Re: coda very slow on roadwarrior

From: Enrico Weigelt <>
Date: Tue, 27 Feb 2007 19:45:49 +0100
* Jan Harkes <> wrote:


> I'm not too concerned with the amount of data on the wire, adding
> attribute information of all children of a small directory along with
> the directory data is possible. However in the Coda cache those
> attributes are not stored as directory data, but as file-objects with
> only attribute information. And the cache has a limited number of
> file-objects so we would have to throw out existing objects to make
> room for this (possibly never used) attribute information

So we could either increase the size of the filetable (maybe such 
partial information could be stored a little bit more efficient)
or aditionally store these relies as file-data.

> > > In which case, yes the shell will open each directory in the path while
> > > it walks towards the binary I want to run. But I don't want my client to
> > > waste precious network bandwidth (and cache space) by fetching all the
> > > siblings of each path component.
> > >     (such as /coda/, etc.)
> > 
> > Hmm, in this case, we just need 4x dir_stat() instead of 4x dir_get()
> No, we do need the directory contents to look up the object identifier
> of the next path component so we do need 4x dir_get().

hmmpf. best would be if the kernel could directly open the subdir
(aka pass this call to the fs) ... I imagine such things would get
tricky with certain mount situations. 

An way out could be, trimming down the file information exactly those
required here (->name,inode_id,inode_type) and send them along with
the first reply, maybe with some recursion, when it looks like an 
directory traversal.

> When you use /bin/ls (or unalias ls) you miss out on the pretty colors,
> but ls will only call opendir/readdir/closedir and it is done. It
> doesn't need to call stat on all the children.

Because it explicitly stat()'s each file for the right coloring ?


> That is strange, I rarely need reinit.
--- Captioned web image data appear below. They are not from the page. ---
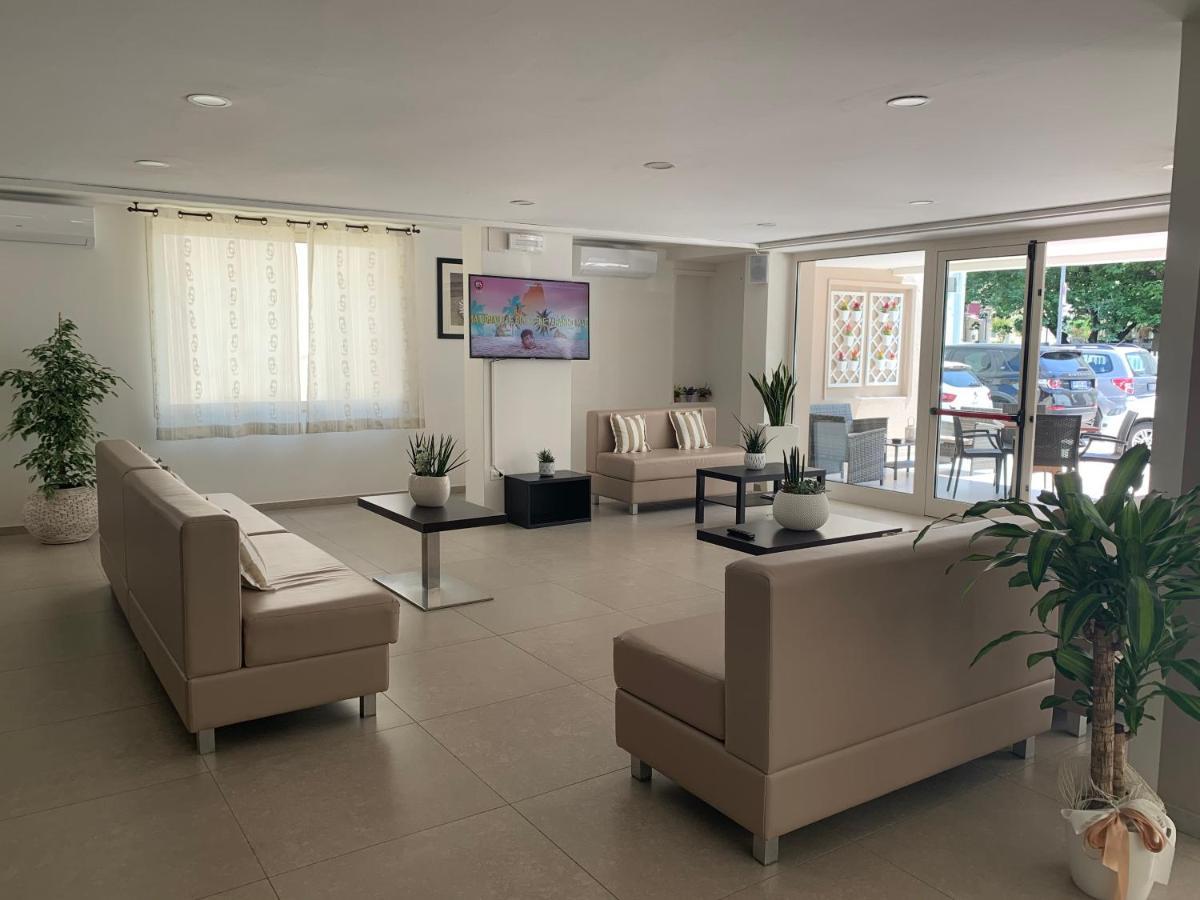 Hotel Carmen Riccione Eksteriør bilde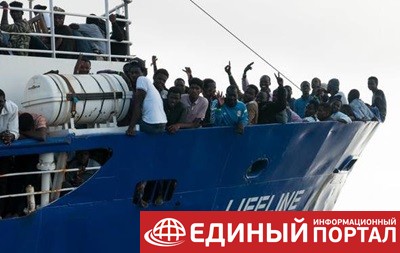 Испания отказалась принять судно с 224 мигрантами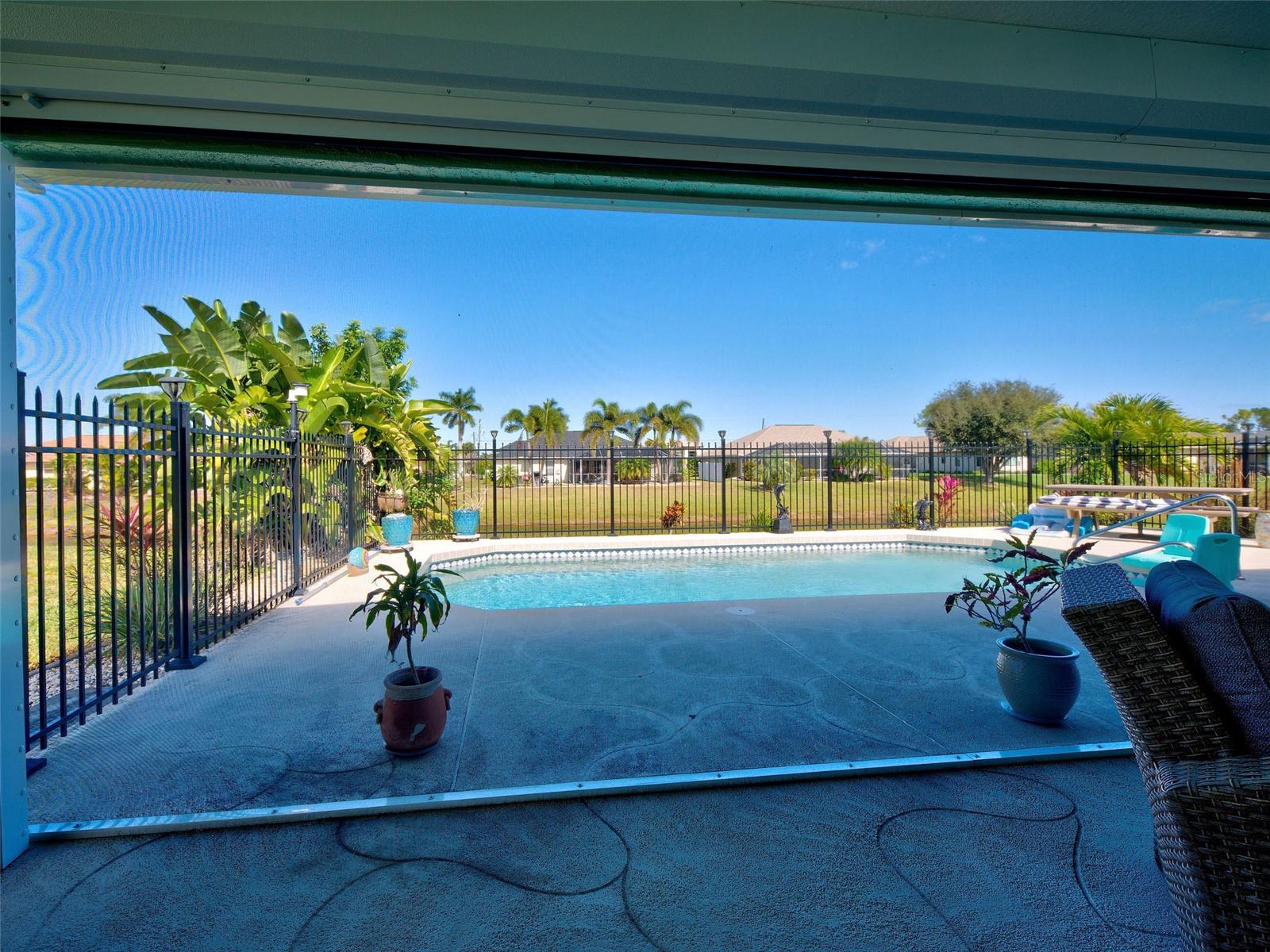 Image 18 of 81 For 77 Medalist Road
Could you send me a log of such a
> failing restart. Rotate the logfiles and restart venus with a high log
> level,
>     vutil -swap
>     venus -d 100
> (venus will not detach from the console)


> Another trick when you have to reinit venus but you are behind a slow
> link. It is possible to use lookaside to avoid having to refetch file
> contents. Venus will only get directory data and attributes.
>     # move the old cache directory aside
>     mv /usr/coda/venus.cache /usr/coda/venus.old
>     mkdir /usr/coda/venus.cache
>     # create a lookaside index
>     mklka /usr/coda/venus.lka /usr/coda/venus.old
>     # reinitialize venus
>     venus -init
>     # tell venus where the lookaside index is located
>     cfs lka +/usr/coda/venus.lka

In other words: use cached data from an old cache ?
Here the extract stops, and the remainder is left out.